Teacher Notes

Landfill Decomposition

Student Laboratory Kit

Materials Included In Kit

Aluminum strips, 10
Biodegradable cornstarch peanuts, white, 50 pieces
Landfill containers, 30
Marker sticks (popsicle sticks), 300
Organic soil mixture, 16 lbs
Polystyrene packing peanuts, 50
Sand, 4 kg
String, cotton, 1 roll
String, synthetic, neon, 10-ft piece
Wood splints, 10

Additional Materials Required

Water
Marking pen
Paper, for paper strips
Plastic bags, 15
Processed food, ~50 pieces
Scissors, 1 per classroom

Prelab Preparation

The metal pieces, wood pieces, string pieces, and paper strips need to be prepared before the lab. The aluminum strips should be cut into ½" x ½" pieces. The wood splints should be cut every ½". The string pieces should be cut approximately 2" in length. Obtain a normal sheet of paper and cut ½" x ½" pieces. Have students bring in small pieces of dry food to place into their landfill. Pieces of cereal, chips or crackers work well.

Safety Precautions

Wear appropriate eye protection and follow all normal laboratory rules. Be sure that students wash hands after handling soil and sample materials. All work areas should be disinfected thoroughly before leaving the lab. Please review current Safety Data Sheets for additional safety, handling and disposal information.

Disposal

Please consult your current Flinn Scientific Catalog/Reference Manual for general guidelines and specific procedures, and review all federal, state and local regulations that may apply, before proceeding. All items may be thrown away in the trash according to Flinn Suggested Disposal Method #26a.

Teacher Tips

  • Enough materials are provided in this kit for 30 students working in pairs. The initial procedure will require one class period.
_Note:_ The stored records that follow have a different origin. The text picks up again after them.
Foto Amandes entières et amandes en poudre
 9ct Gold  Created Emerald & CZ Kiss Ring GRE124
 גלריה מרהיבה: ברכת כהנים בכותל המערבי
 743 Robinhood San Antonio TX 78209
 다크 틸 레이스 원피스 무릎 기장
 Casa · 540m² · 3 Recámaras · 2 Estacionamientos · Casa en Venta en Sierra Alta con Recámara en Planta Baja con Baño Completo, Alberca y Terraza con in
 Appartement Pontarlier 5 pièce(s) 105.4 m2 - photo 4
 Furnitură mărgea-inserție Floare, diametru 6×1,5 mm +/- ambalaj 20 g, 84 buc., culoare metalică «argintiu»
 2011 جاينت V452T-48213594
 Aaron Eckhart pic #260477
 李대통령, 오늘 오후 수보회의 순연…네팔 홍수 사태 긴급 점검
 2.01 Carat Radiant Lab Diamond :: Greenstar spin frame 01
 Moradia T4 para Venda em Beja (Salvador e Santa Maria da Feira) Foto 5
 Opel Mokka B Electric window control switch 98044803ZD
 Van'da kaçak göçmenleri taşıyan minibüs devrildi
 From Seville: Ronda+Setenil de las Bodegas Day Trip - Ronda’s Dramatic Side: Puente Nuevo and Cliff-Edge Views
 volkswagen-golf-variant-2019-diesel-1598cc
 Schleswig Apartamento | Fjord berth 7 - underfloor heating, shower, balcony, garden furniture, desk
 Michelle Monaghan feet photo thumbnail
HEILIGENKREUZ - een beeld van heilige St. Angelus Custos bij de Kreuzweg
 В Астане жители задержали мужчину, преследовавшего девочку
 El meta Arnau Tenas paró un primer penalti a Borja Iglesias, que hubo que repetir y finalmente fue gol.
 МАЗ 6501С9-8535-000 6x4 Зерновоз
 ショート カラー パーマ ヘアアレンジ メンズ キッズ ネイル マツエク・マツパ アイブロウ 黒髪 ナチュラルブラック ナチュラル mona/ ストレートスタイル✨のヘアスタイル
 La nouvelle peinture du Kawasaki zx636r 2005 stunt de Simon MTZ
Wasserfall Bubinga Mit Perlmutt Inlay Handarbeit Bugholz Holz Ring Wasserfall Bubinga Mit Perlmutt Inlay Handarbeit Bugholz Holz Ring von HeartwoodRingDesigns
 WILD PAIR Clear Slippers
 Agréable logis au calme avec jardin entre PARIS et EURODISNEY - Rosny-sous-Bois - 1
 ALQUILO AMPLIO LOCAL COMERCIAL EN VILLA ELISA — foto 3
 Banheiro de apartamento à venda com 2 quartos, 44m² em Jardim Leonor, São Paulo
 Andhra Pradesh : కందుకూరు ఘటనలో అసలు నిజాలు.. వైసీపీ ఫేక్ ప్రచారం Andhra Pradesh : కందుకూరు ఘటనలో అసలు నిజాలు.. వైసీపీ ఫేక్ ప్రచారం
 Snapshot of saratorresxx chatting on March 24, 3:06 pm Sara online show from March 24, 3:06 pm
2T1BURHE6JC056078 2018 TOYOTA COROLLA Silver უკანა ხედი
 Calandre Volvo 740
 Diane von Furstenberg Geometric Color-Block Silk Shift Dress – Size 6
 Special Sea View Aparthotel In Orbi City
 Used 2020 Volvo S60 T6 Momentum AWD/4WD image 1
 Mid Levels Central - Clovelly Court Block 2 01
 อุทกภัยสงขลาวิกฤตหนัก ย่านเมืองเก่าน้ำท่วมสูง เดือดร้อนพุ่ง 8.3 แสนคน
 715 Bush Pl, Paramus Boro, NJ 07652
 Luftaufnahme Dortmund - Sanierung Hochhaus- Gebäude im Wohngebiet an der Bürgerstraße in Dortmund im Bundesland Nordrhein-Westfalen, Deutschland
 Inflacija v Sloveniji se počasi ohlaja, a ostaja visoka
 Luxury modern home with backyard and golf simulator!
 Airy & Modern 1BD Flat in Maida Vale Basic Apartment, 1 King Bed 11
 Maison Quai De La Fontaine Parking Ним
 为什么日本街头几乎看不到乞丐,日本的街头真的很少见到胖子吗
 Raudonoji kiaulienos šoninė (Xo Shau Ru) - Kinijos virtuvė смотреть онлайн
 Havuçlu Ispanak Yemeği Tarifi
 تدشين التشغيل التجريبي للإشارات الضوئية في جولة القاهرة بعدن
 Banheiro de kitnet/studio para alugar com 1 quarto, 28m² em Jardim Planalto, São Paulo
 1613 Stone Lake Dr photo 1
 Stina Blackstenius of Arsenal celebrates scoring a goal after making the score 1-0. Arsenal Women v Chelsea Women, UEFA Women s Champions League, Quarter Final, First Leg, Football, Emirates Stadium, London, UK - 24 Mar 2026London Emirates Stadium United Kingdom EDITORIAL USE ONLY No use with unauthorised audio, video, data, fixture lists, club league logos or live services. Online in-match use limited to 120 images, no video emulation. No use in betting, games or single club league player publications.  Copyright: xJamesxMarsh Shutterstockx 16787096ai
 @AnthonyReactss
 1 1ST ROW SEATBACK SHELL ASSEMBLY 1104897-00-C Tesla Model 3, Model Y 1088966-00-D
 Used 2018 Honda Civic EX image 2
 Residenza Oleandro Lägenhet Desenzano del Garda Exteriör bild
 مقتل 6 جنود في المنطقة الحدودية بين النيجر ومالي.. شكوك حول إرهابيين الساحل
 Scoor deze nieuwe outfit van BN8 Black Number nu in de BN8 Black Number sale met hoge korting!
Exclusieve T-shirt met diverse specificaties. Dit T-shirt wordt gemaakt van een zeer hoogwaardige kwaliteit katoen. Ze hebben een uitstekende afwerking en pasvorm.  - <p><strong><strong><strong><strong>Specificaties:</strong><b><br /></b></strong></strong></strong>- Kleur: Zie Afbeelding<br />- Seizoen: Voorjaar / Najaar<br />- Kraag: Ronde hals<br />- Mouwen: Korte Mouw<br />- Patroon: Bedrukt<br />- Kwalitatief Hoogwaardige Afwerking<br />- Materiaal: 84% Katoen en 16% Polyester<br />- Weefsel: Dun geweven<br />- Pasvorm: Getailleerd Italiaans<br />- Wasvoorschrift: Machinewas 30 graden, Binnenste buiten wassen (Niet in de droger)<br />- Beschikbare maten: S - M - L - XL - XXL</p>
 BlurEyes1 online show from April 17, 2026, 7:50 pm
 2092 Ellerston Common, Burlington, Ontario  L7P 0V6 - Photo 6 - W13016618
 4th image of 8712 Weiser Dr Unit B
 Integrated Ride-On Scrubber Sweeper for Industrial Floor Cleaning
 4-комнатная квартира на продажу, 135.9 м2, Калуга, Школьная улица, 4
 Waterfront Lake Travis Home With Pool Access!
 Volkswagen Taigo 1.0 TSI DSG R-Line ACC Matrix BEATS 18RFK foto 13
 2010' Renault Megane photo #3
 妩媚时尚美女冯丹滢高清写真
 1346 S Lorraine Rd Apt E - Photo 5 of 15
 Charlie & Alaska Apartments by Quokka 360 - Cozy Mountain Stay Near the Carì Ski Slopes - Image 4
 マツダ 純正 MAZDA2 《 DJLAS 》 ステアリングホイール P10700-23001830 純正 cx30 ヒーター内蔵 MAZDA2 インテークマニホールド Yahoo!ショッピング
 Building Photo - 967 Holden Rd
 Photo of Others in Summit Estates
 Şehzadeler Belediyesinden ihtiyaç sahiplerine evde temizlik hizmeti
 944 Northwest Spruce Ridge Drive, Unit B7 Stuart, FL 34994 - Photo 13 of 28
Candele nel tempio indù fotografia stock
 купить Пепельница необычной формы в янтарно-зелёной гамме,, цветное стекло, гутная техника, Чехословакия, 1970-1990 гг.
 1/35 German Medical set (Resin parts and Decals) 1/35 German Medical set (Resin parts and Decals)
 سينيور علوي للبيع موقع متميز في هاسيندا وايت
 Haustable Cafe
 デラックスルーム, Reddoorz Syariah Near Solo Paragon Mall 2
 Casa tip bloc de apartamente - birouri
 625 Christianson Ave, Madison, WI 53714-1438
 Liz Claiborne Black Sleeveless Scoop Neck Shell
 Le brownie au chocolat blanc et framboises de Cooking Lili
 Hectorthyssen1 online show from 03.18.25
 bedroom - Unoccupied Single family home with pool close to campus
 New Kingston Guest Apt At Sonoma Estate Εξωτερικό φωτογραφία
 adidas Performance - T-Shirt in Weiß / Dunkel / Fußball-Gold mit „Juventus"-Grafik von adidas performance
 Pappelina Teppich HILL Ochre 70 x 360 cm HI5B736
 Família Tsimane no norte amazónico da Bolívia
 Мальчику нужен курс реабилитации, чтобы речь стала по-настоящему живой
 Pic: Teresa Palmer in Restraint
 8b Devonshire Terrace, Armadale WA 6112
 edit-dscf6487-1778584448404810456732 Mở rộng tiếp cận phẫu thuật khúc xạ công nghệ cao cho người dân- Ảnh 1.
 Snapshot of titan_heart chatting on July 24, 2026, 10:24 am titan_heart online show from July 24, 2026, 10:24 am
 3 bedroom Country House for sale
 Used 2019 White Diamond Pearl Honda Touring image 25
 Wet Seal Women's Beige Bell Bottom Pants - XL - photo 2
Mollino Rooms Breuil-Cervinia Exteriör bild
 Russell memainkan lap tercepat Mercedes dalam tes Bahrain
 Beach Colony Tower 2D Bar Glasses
Observations should be taken over at least a six- to eight-week time period.

  • Biodegradation is a slow process and may take more time than six to eight weeks. If time permits, have students record observations for an extended period of time.
  • As an extension to this activity, have students bring in items from home to see if they are biodegradable.
  • Decomposition rate may also be tested. Students may wish to experiment with variables (e.g., temperature, moisture) to determine decomposition rates.

Further Extensions

Alignment with AP® Environmental Science Topics and Scoring Components

Topic: Land and Water Use. Other Land Use (Urban land development; transportation infrastructure; public and federal lands; land conservation options; sustainable land-use strategies).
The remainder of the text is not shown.